Attorneys Depart White & Case, Launch Transactions Firm

Three more lawyers have left White & Case’s Miami office to start their own firm, joining a growing number of lawyers who have departed in recent years.

The office lost nine lawyers in the previous year, reducing its total to 81, according to numbers provided by White & Case to the Daily Business Review for its annual Review 100 survey.

The latest departing attorneys have started Alvarez Arrieta & Diaz-Silveira to focus on transactions.

Pedro “Tony” Alvarez, Albert Diaz-Silveira and associate Aracely Alicea left White & Case to launch Alvarez Arrieta & Diaz-Silveira two weeks ago. They were joined by former White & Case partner Alex Arrieta. Arrieta left White & Case last year to work at Stearns Weaver Miller Weissler Alhadeff & Sitterson.

Alvarez, a 25-year lawyer at White & Case and a partner since 1989, said he and his colleagues decided to leave the New York-based firm because “it became the right time for us to venture out from the big firms.”

“I think it was a move that was more personal than anything else,” he said. “We all wanted to give it a try. It was now or never.”

Alvarez said their goal was to launch a transactional firm focusing on mergers and acquisitions, real estate transactions and deals. Alvarez Arrieta & Diaz-Silveira will not handle litigation.

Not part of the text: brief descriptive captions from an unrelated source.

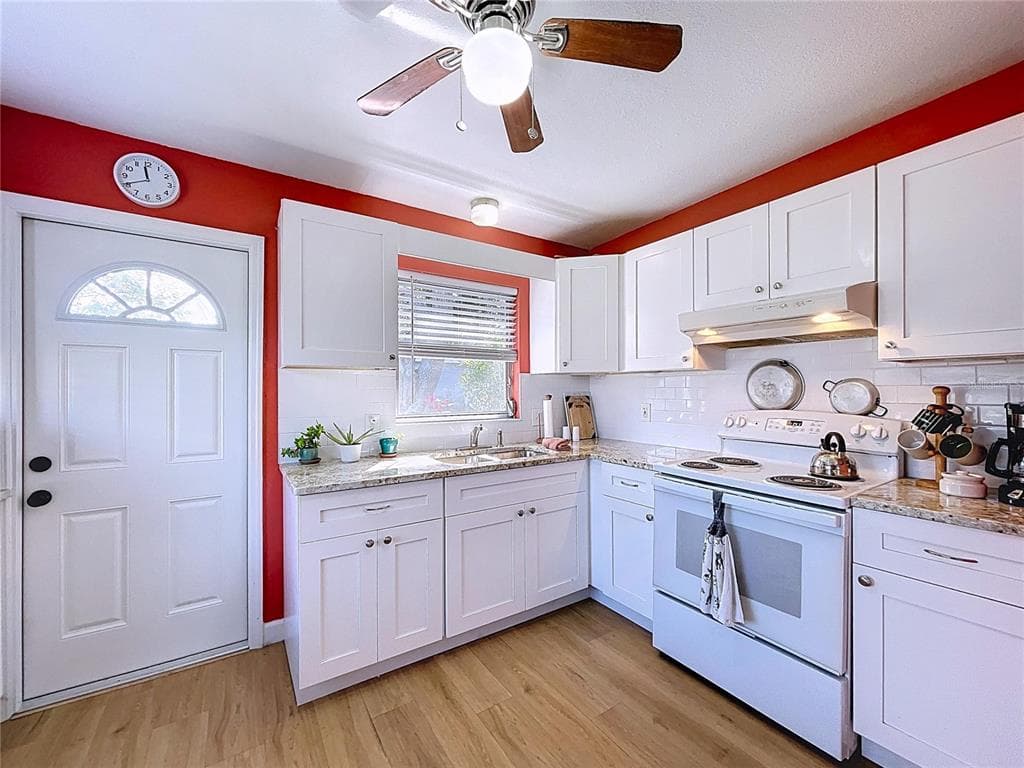 4042 ARKANSAS AVENUE NE, ST PETERSBURG, FL 33703 — zdjęcie 5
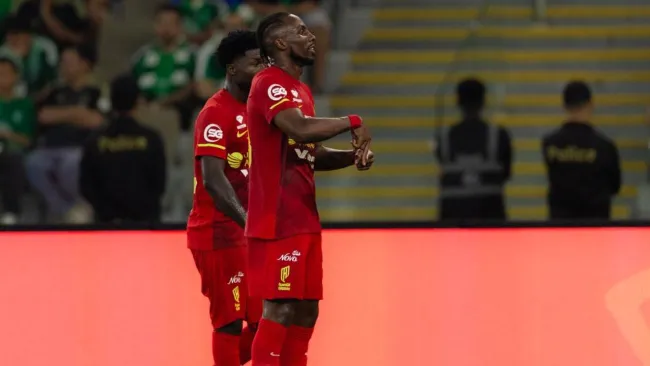 Julián Quiñones marcó en la derrota de su equipo en la Copa de Arabia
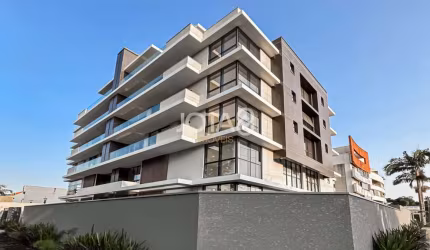 Apartamento com 3 suítes perto do Graciosa - J8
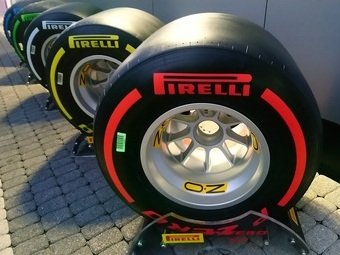 Pirelli осталась монопольным поставщиком шин для "Формулы 1"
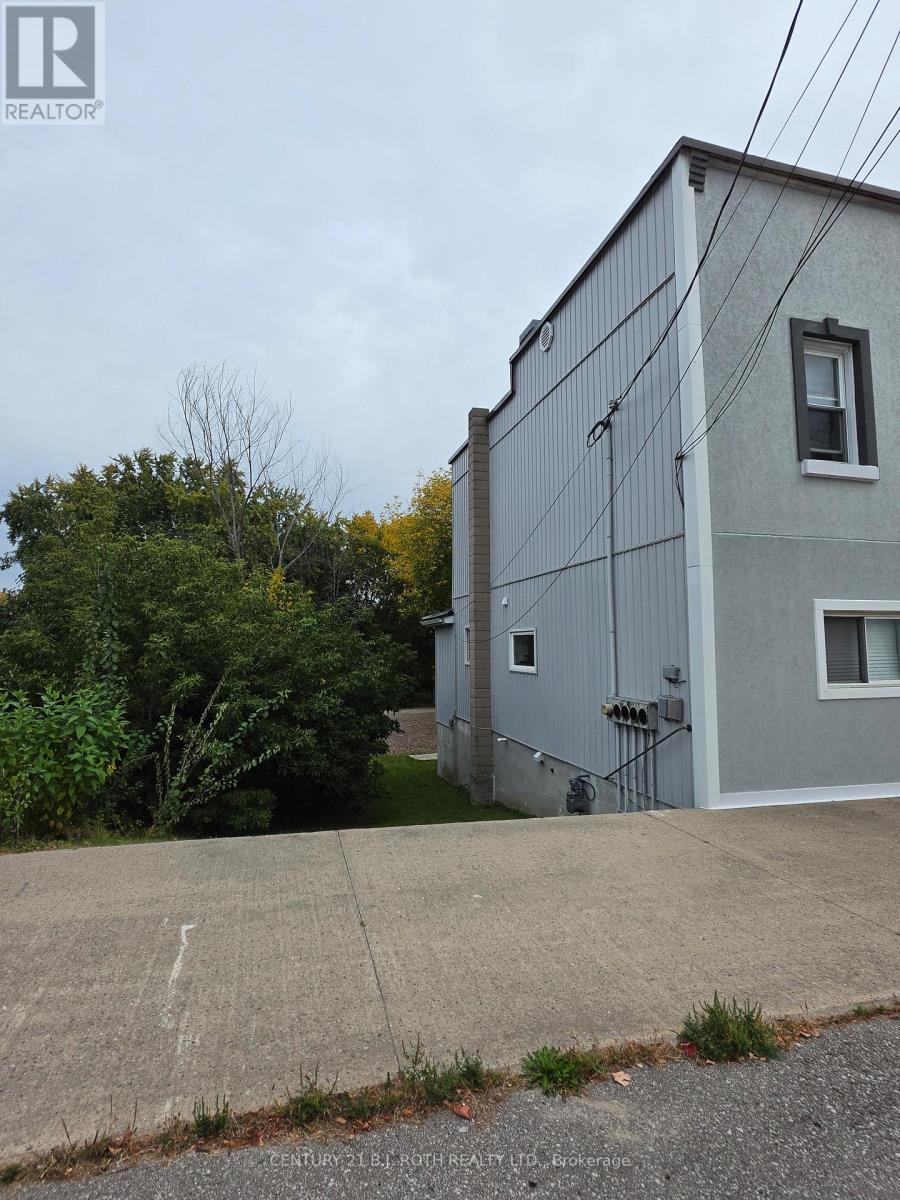 757 Fourth Avenue Property Photo 4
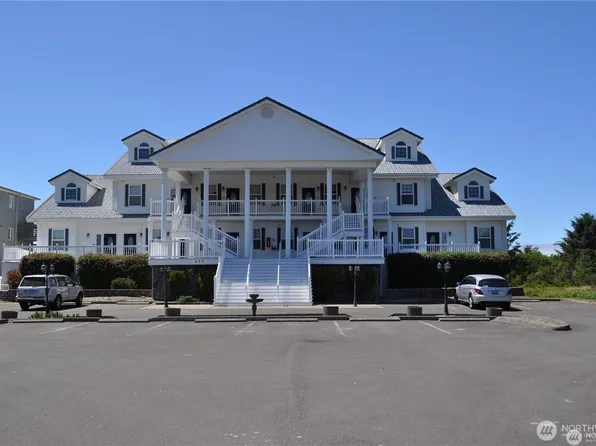 855 Ocean Shores Boulevard NW #105, Ocean Shores, WA 98569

Eschewing the big-firm model, Alvarez Arrieta & Diaz-Silveira will avoid high overhead, offer lower fees and serve clients with personalized relationships, Alvarez said.

“We are coming away from representing big institutions,” he said. “We want to build relationships and practice law the way it used to be.”

There are no immediate plans for any other White & Case lawyers to join the firm, Alvarez said, adding the split from White & Case was amicable.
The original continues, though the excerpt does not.